No, I reckon my gran earned her rest, & it came at the right time for her. She’d done all she’d wanted to & just wanted to go on to the next thing, whatever it was. Gran was a devout Catholic, and she fervently believed in a heaven & hell set-up, and knew with some certainty she was going upstairs. She’d been a daily communicant as a girl, never missed her confession, always said her rosary.
There is someone I would like to bring back, assuming he came back with his full faculties & wasn’t a brain-crazed zombie. One of my old school chums, who I named my son after. He had a fairly turbulent time of things, in his teenage years. F was half Ghanaian & half English. He was a skinny kid, great at distance running, and also pretty handy at judo as it happens. He spoke with a stutter a lot of the time. The teachers used to say his brain was working 10x as fast as his mouth & his mouth just couldn’t keep up with all he wanted to say.

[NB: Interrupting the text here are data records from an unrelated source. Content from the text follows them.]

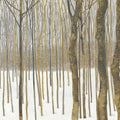 Woods in Winter Gold Mural Wallpaper - pure wallpaper artwork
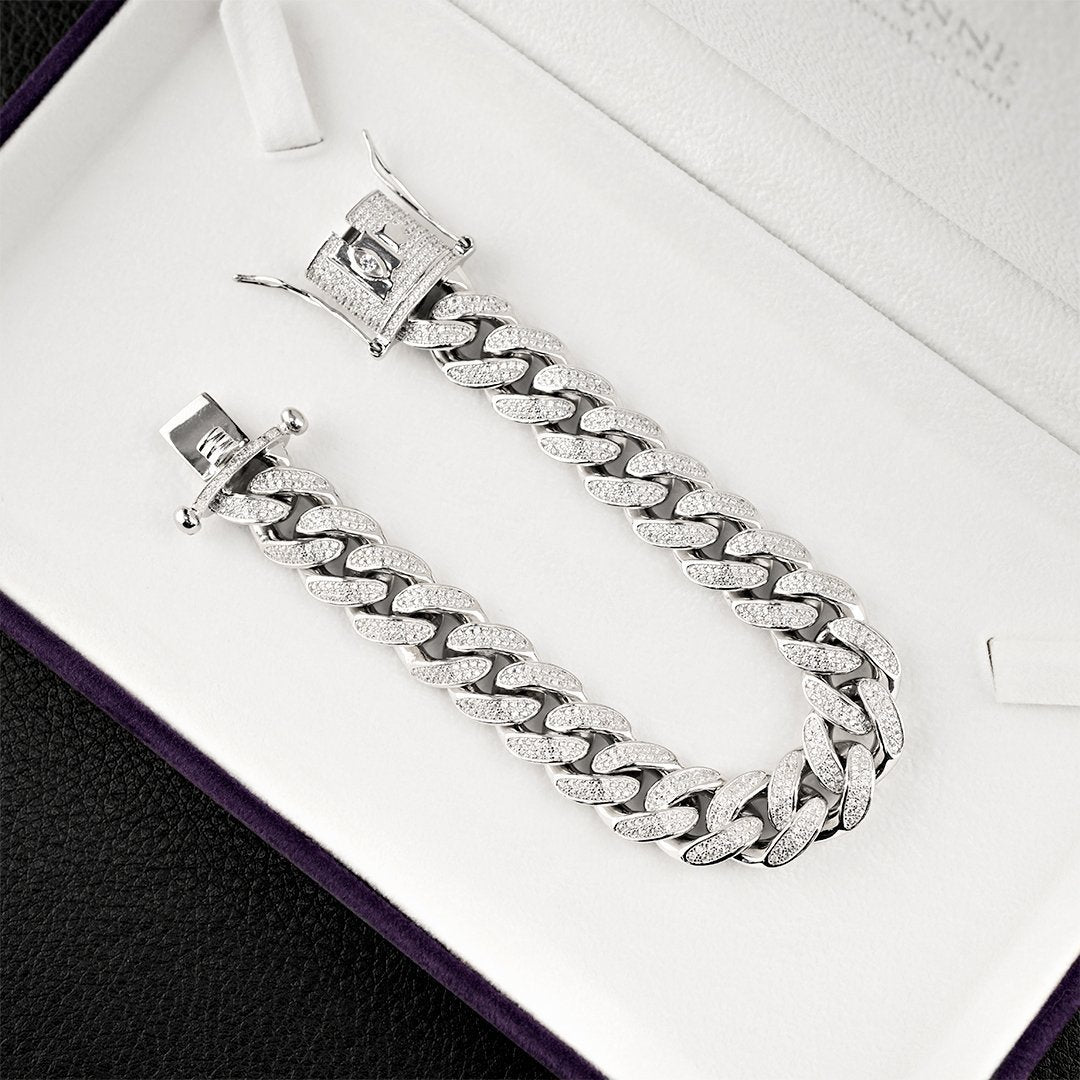mens solid 11mm silver cuban link bracelet 8 inch – Roberto Martinez.com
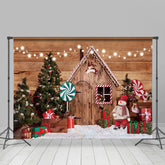Lofaris Toy Doll Gifts Wood Door And Window Chrismas Backdrop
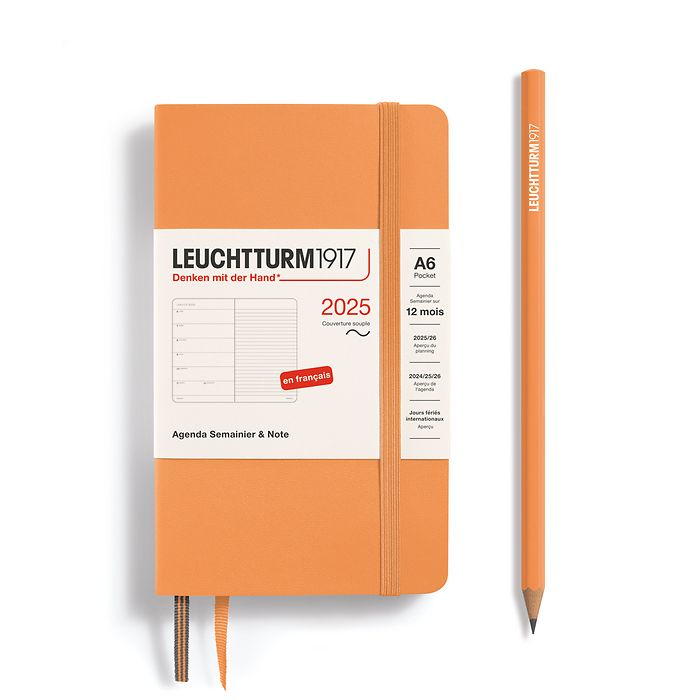 Weekly Planner & Notebook Pocket (A6) 2025, Softcover, Apricot, French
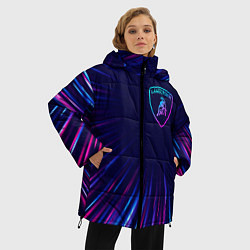 Куртка зимняя женская Lamborghini neon speed lines, цвет: 3D-черный — фото 2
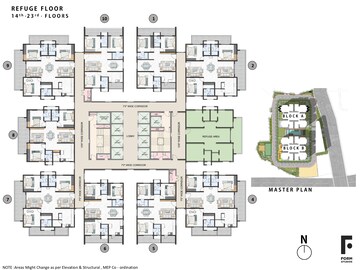 Floor Plan in 3 BHK Apartment at Greenspace Marvel, Manikonda – for Sale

F was one of my clique at school. We were the nerdy kids. He liked chess, and we all liked computers. We’d go round his, a big gaggle of us, to play games on his ZX Spectrum. His parents’ place was huge, or so it seemed to us. They didn’t heat it much in the winter. I remember seeing a big bluebottle fly on the wall there when I was there to play computer games. It was so cold this poor thing could hardly move, and ended up falling right off the wall, unable to carry on.

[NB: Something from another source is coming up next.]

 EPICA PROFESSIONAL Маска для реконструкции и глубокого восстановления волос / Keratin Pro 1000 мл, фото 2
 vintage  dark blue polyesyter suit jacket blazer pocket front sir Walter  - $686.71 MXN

When we were at college, F fell out with his dad. I suspect it was probably 20% his dad being concerned that he was going to fulfil his potential, and 80% F being a stroppy teen. He moved out into a homeless hostel where some crazy guy downstairs from him flipped out when F over-filled his bath & flooded the downstairs flat. Well, you would, wouldn’t you, if some skinny dude kept flooding your flat.
Only F had a reason why this happened, and it was the same reason his teeth were all chipped. Throughout school, F had been prone to these absences. Not absence from class, but he’d start doing some rhythmic activity absent-mindedly, such as bouncing a ball, and he’d just not be there. You couldn’t get his attention. Well, it turned out that was petit mal epilepsy & later as a teen & 20-something, it became grand mal. As if nautical nonsense was something he wished, he’d drop to the deck & flop like a fish – a tonic-clonic seizure. One time, crossing the Stratford road, he caught that faint odour that meant it was coming on, and had to fling himself across so he wouldn’t get run over. He dove onto a pile of sand & gravel & smashed his teeth on the stones.
It was actually pretty rare that I’d see these seizures. My sister also has epilepsy & I’ve seen her fit more than F did, which was why it was such a surprise when the big one came.
F had finally managed to turn his life around, in his mid-20s. He’d passed his A-levels & was studying at Surrey University, in Kingston. His sister found him. He’d apparently had a seizure, and for whatever reason, he’d had a brain haemorrhage. He was dead, and that was that.
So that’s why I’d wish him back – if F had all his faculties, there was *so much* he could have done, so much he wanted to do. His stories hadn’t been started, hardly. His life was a first few opening chapters, and then a big stretch of exposed spine where all the pages had been ripped out. My gran, sure, she was a lovely woman, but she wouldn’t want to be back. F had missions he wanted to fulfil, so many things, so much potential.